# Get Book Chapter Metadata

This notebook gets metadata for BookChapter from a Excel file ('data/BookChapter_Metadata.xlsx'), create BookChapter node and link the TM nodes to it.

## Import Libraries

In [25]:
#import numpy as np
import pandas as pd
pd.set_option('display.max_columns', None)
pd.set_option('display.max_rows', None)
pd.set_option('display.max_colwidth', None)

# import matplotlib.pyplot as plt 
# import seaborn as sns
# sns.set_style('darkgrid')
# sns.set_palette("colorblind")
# sns.set(rc={'figure.figsize':(11,6)})

import os 
import configparser
import csv
from collections import defaultdict
from metapub import PubMedFetcher
fetch = PubMedFetcher()

In [26]:
# install or import Neo4j GraphDataScience library
try: 
  from graphdatascience import GraphDataScience
  print('Successfully imported GraphDataScience')
except ModuleNotFoundError:
  !pip3 install graphdatascience
  from graphdatascience import GraphDataScience
  print('installed and imported GraphDataScience')
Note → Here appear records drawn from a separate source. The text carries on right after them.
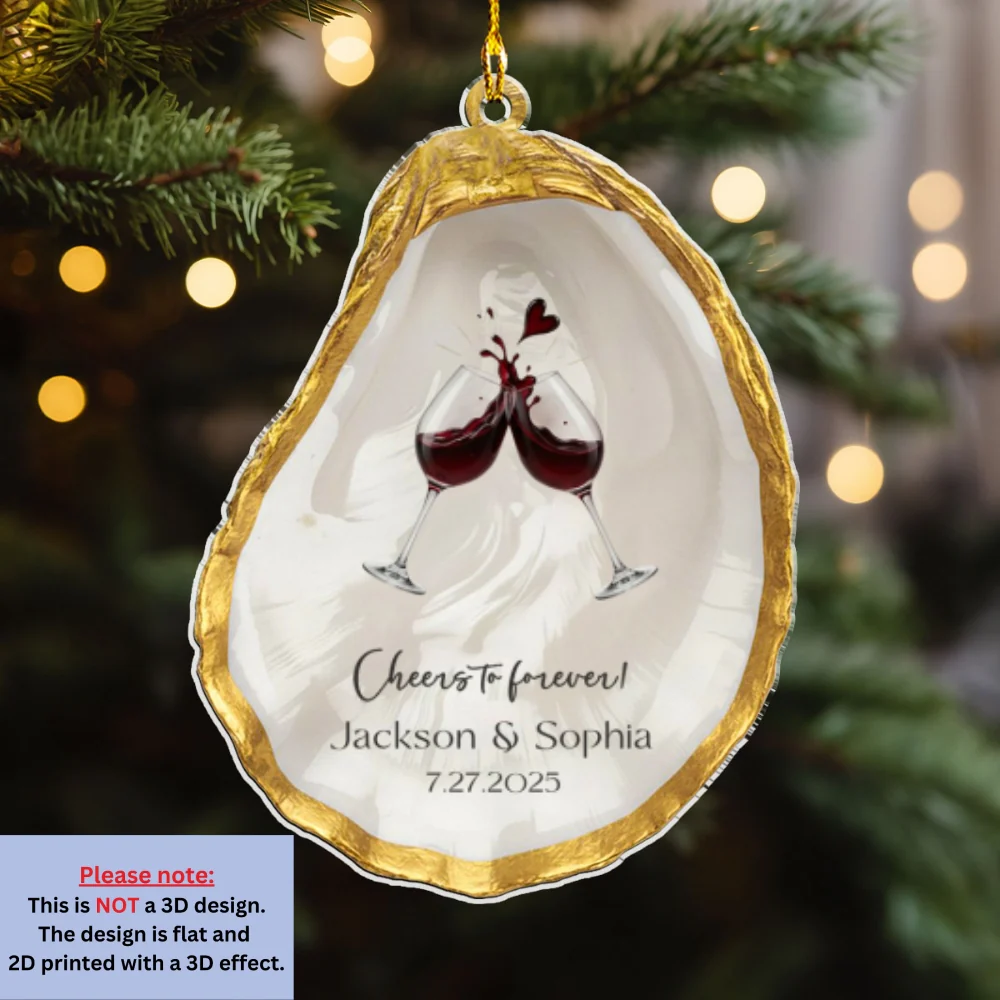 Cheers to Forever - Personalized Custom Acrylic Ornament   - Image 7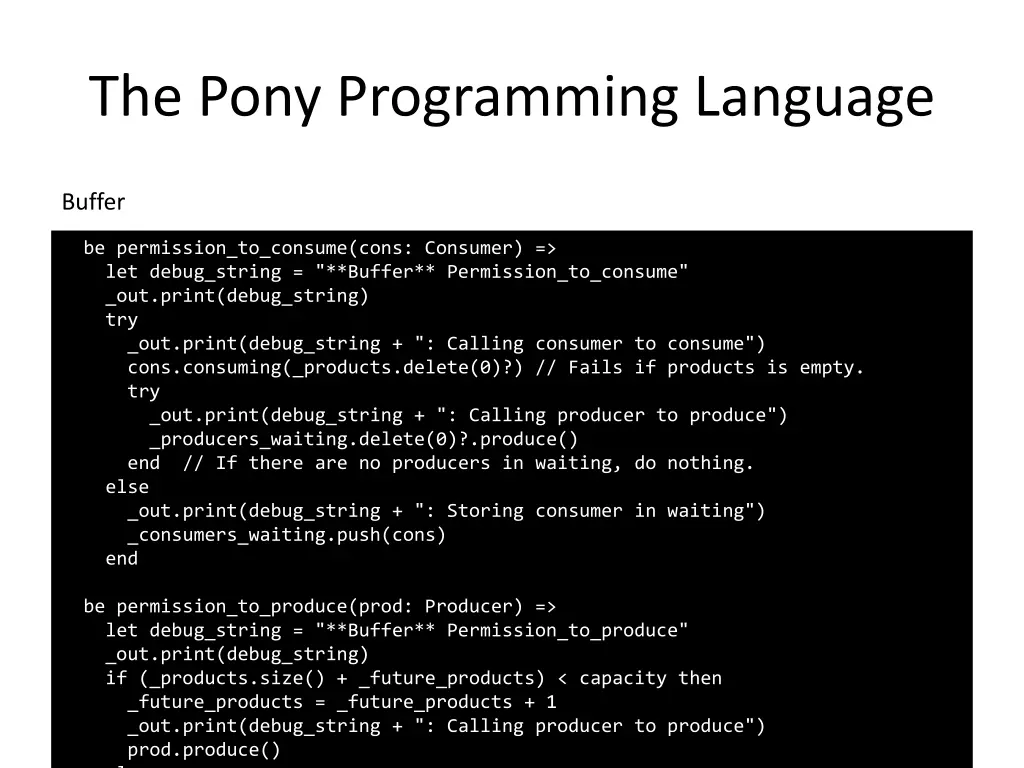 the pony programming language 7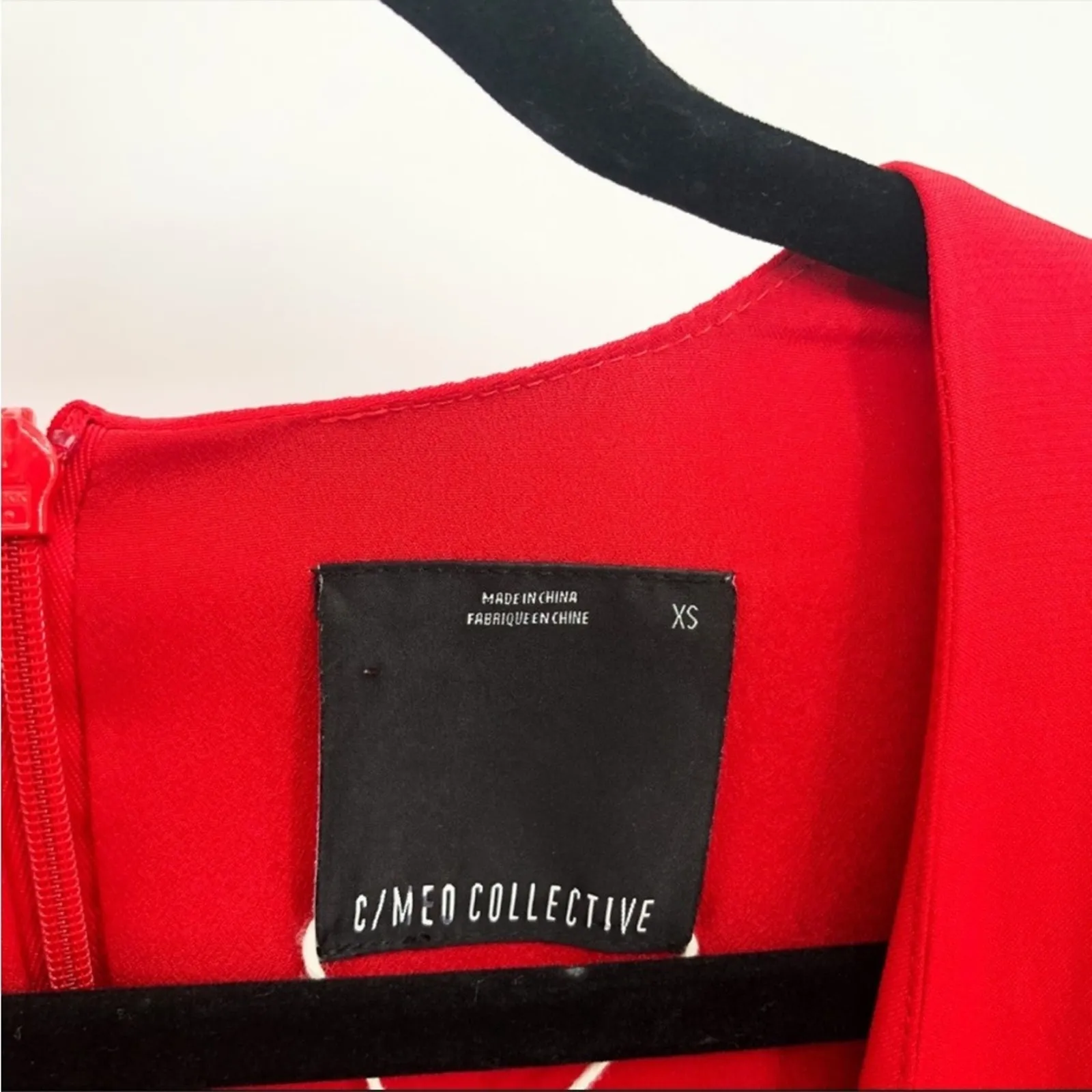 C/MEO Collective Night Air Faux Wrap Red Mini Dress NEW - Image 7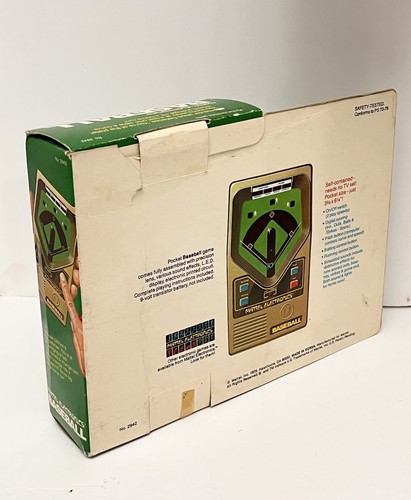 Vintage 1978 Mattel Elektronik Baseball Spiel mit Box. Getestet und funktioniert. - Bild 10 von 20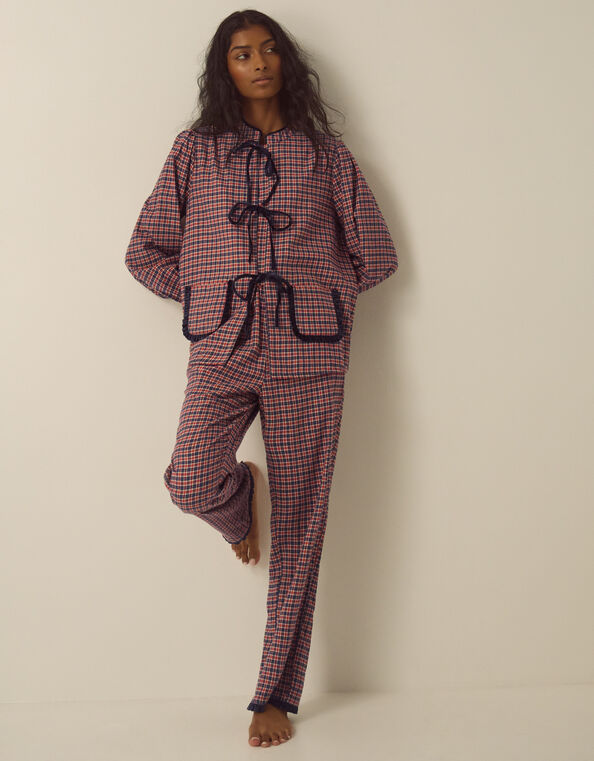 Charlie Check Print Long Pyjamas Set, Multi (MULTI), large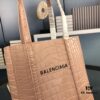 6930dc1e6e68136f4d9b1c33 New Arrival Balenciaga B. Everyday Tote Bag - Crocodile Texture, Italian Imported Calfskin, Stylish and Practical Crossbody Handbag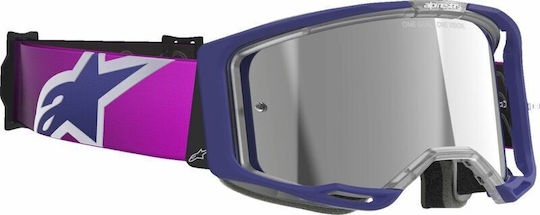 Alpinestars Goggles Vision 8 Mirrored Lens Foam Motocross Goggles Does Not Accept Tear Off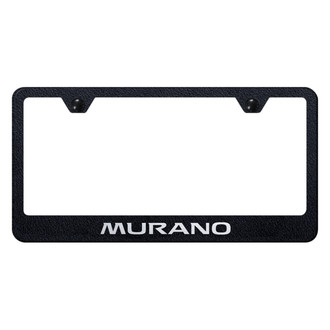 Autogold® - Rugged Black License Plate Frame with Laser Etched Murano Logo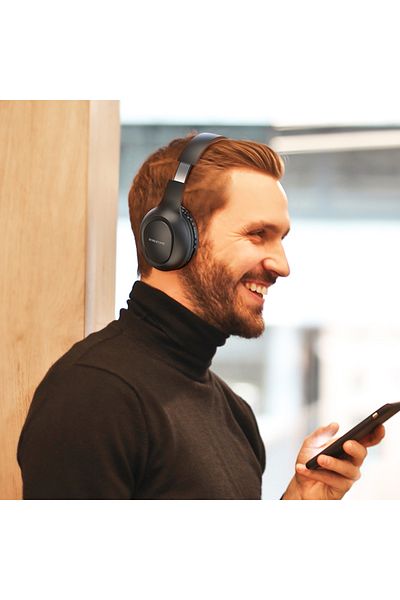 Borofone Căști supraauriculare BO19, wireless, Bluetooth 5.3, microfon, autonomie baterie 20 de ore, negre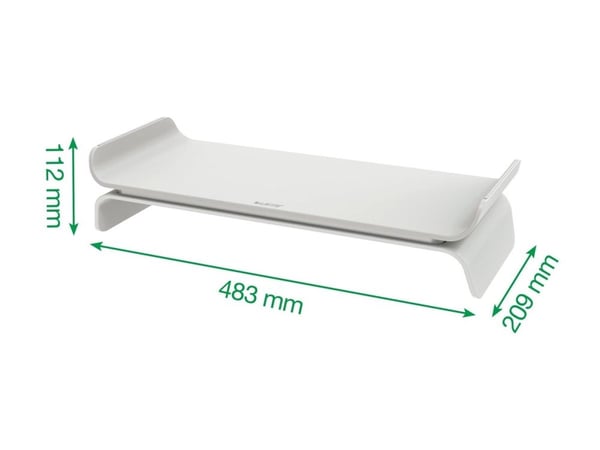 Leitz Ergo - Skjermstativ - adjustable - grå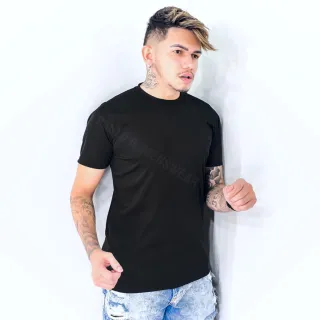 Camiseta Masculina Básica Gola Redonda em Poliéster - Azul Marinho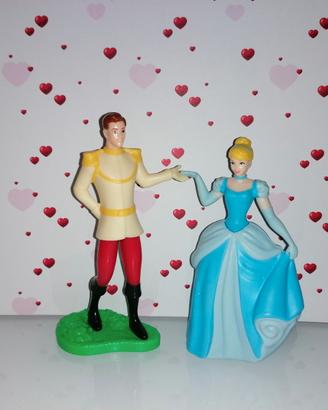Disney Cenerentola principe statuette personaggi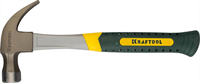 KRAFTOOL 560 г, с фиберглассовой рукояткой молоток-гвоздодер 20280-560 - фото 116984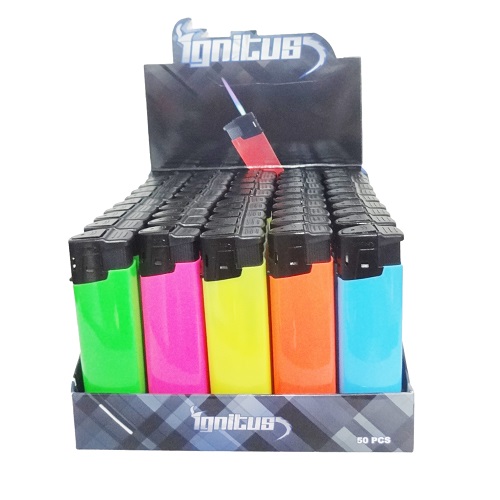 Ignitus Lighter Fliptop Neon Asst Clrs-wholesale Ignitus Lighter Fliptop Neon Asst Clrs-wholesale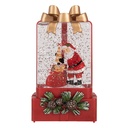 Boule à neige avec LED Rouge Couleur or 10x6x18 cm / 3xAAA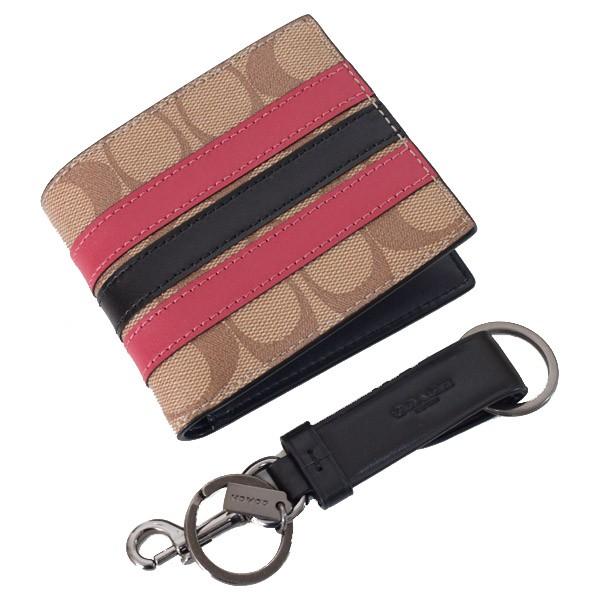 COACH コンパクト財布2個とキーホルダーセット 4点セット COACH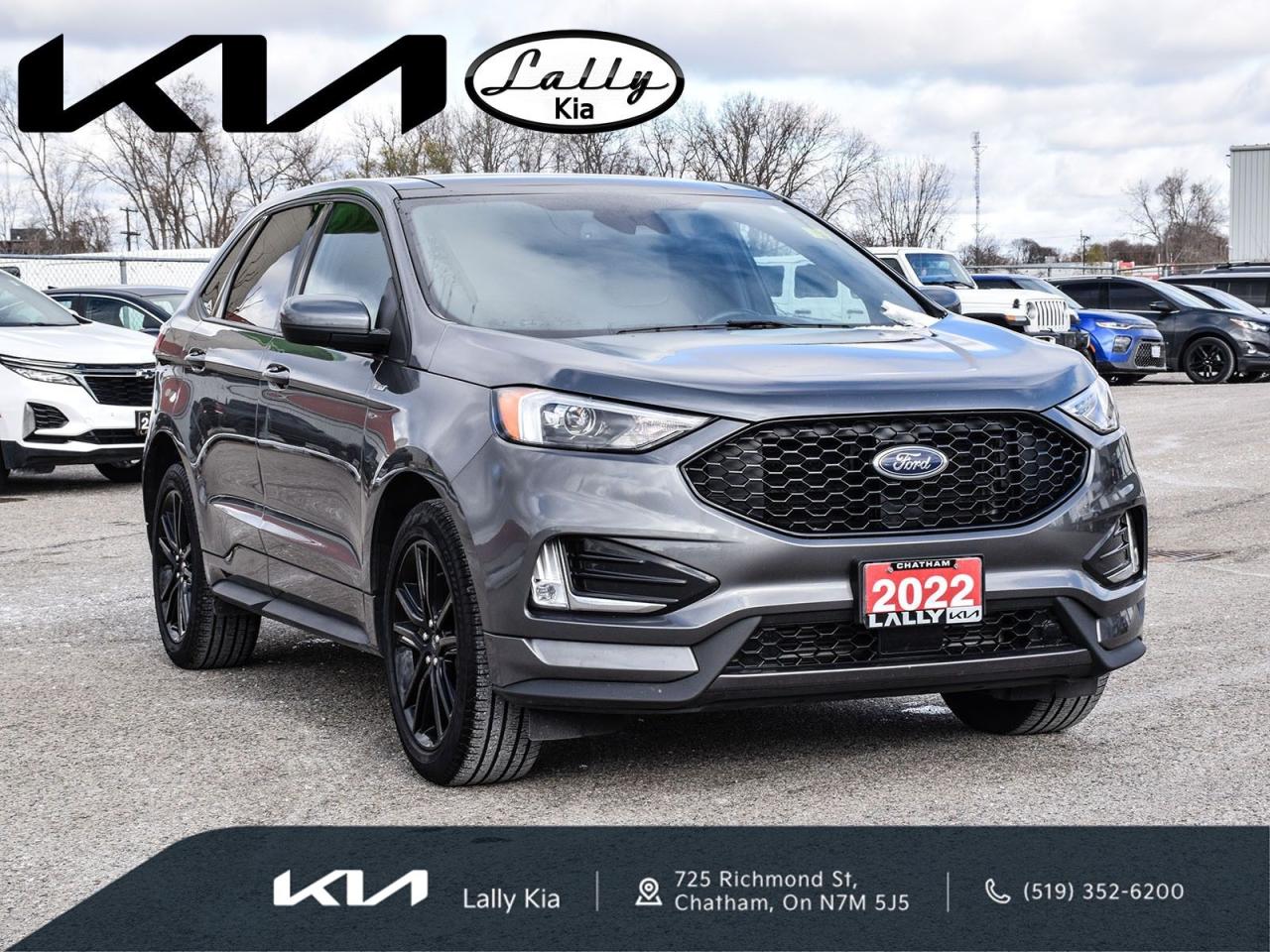 Used 2022 Ford Edge ST Line ST LINE AWD, PANORAMIC VISTA ROOF, POWER LIFTGATE, CO-PIOT 360, HEATED STEERING WHEEL AND FRONT SEATS for sale in Chatham, ON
Successfully imported GraphDataScience


# Custom Functions

In [27]:
# function adapted from Neo4j GDS Fraud Demo Notebook (h/t Zach B.)
def read_neo4j_properties(NEO4J_PROPERTIES_FILE: str=None) -> str:
  '''Parses Neo4j database or Aura connection details from provided .ini filepath.
  Requirements:
    configparser

  Args:
    NEO4J_PROPERTIES_FILE: path to a .ini file
  
  Returns:
    HOST: link to Neo4j or Aura host 
    USERNAME: login username
    PASSWORD: login password 

  Note: The .ini file should use the following syntax
    [NEO4J]
    PASSWORD=<password>
    USERNAME=<database name>
    HOST=<host uri>

  If no path is passed, the function will return the defaults:
    HOST = 'neo4j://localhost'
    USERNAME = 'neo4j'
    PASSWORD = 'password'
  '''

  if NEO4J_PROPERTIES_FILE is not None and os.path.exists(NEO4J_PROPERTIES_FILE):
      config = configparser.RawConfigParser()
      config.read(NEO4J_PROPERTIES_FILE)
      HOST = config['NEO4J']['HOST']
      USERNAME = config['NEO4J']['USERNAME']
      PASSWORD = config['NEO4J']['PASSWORD']
      print('Using HOST, USERNAME, PASSWORD from .ini file')
      return HOST, USERNAME, PASSWORD
  else:
      print('Could not find database properties file, using defaults:')
      HOST = 'neo4j://localhost'
      USERNAME = 'neo4j'
      PASSWORD = 'password'
      print(f'HOST: {HOST} \nUSERHAME: {USERNAME} \nPASSWORD: {PASSWORD}')
      return HOST, USERNAME, PASSWORD 

# Connect to Neo4j DB
It is recommended to store authentication credentials in a separate file and read them in to the notebook as variables. This code assumes the files are stored in a local auth directory.

In [28]:
# get authentication credentials from local auth file
NEO4J_PROPERTIES_FILE = 'auth/immerse_kg_auth.ini'
HOST, USERNAME, PASSWORD = read_neo4j_properties(NEO4J_PROPERTIES_FILE=NEO4J_PROPERTIES_FILE)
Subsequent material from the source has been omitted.